In simple words: When the electric current in a long coil changes from 2A to 4A in 0.1 seconds, it creates a changing magnetic field. This changing field then creates a very tiny voltage (7.54 microvolts) in a small loop placed inside the coil.
🎯 Exam Tip: Remember to calculate the number of turns per meter correctly, use the permeability of free space \( \mu_0 \), and apply Faraday's law (\( \varepsilon = - \frac{d\Phi}{dt} \)) for induced emf in a changing magnetic flux.
Question 5. A transmitter consists of an LC circuit with an inductance of \( 1 \,\mu H \) and capacitance of \( 1 \,\mu F \). What is the wavelength of the electromagnetic waves it emits?
Answer: Given data:
Inductance \( L = 1 \, \mu H = 1 \times 10^{-6} \, H \)
Capacitance \( C = 1 \, \mu F = 1 \times 10^{-6} \, F \)
First, we need to calculate the resonant frequency \( f \) of the LC circuit.
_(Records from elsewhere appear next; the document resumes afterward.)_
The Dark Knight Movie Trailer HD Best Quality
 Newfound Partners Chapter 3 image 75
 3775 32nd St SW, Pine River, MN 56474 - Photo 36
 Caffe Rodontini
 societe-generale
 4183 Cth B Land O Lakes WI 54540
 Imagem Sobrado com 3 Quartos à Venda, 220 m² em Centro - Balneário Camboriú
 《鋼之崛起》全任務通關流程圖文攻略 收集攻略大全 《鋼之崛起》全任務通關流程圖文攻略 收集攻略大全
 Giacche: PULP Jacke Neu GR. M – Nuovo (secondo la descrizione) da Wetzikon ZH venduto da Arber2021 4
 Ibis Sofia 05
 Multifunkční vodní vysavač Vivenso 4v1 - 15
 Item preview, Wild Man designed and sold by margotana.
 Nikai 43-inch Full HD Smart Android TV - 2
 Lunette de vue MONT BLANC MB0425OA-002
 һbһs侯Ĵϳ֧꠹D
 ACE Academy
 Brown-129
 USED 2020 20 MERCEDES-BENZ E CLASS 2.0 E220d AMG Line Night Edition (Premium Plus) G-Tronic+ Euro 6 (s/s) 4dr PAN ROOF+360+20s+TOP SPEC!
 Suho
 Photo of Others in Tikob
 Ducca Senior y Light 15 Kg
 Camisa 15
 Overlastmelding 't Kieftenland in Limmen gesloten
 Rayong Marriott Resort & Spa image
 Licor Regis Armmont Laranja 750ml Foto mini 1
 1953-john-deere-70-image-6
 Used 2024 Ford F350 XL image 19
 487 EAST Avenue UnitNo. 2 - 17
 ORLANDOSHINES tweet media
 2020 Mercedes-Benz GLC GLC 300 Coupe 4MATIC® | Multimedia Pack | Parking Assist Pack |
The angular resonant frequency \( \omega \) is given by:
\( \omega = \frac{1}{\sqrt{LC}} \)
\( \omega = \frac{1}{\sqrt{(1 \times 10^{-6} \, H) \times (1 \times 10^{-6} \, F)}} \)
\( \omega = \frac{1}{\sqrt{1 \times 10^{-12}}} \)
\( \omega = \frac{1}{1 \times 10^{-6}} = 1 \times 10^6 \, rad/s \)
Now, we convert the angular frequency \( \omega \) to linear frequency \( f \):
\( f = \frac{\omega}{2\pi} \)
\( f = \frac{1 \times 10^6}{2 \times 3.14159} \, Hz \)
\( f \approx 0.159 \times 10^6 \, Hz = 159 \, kHz \)
Finally, we calculate the wavelength \( \lambda \) of the electromagnetic waves using the speed of light \( c \) (\( 3 \times 10^8 \, m/s \)):
\( \lambda = \frac{c}{f} \)
\( \lambda = \frac{3 \times 10^8 \, m/s}{0.159 \times 10^6 \, Hz} \)
\( \lambda \approx 1886.79 \, m \)
The wavelength of the electromagnetic waves emitted by the LC circuit is approximately \( 1887 \, m \). Such a long wavelength corresponds to radio waves, which are used in broadcasting.
In simple words: An LC circuit with 1 microhenry inductance and 1 microfarad capacitance will produce electromagnetic waves with a wavelength of about 1887 meters. This wavelength comes from how fast the circuit naturally "rings" or oscillates.
🎯 Exam Tip: Remember the formulas for resonant angular frequency \( \omega = \frac{1}{\sqrt{LC}} \) and its conversion to linear frequency \( f = \frac{\omega}{2\pi} \). Use the speed of light \( c = 3 \times 10^8 \, m/s \) to find the wavelength \( \lambda = \frac{c}{f} \).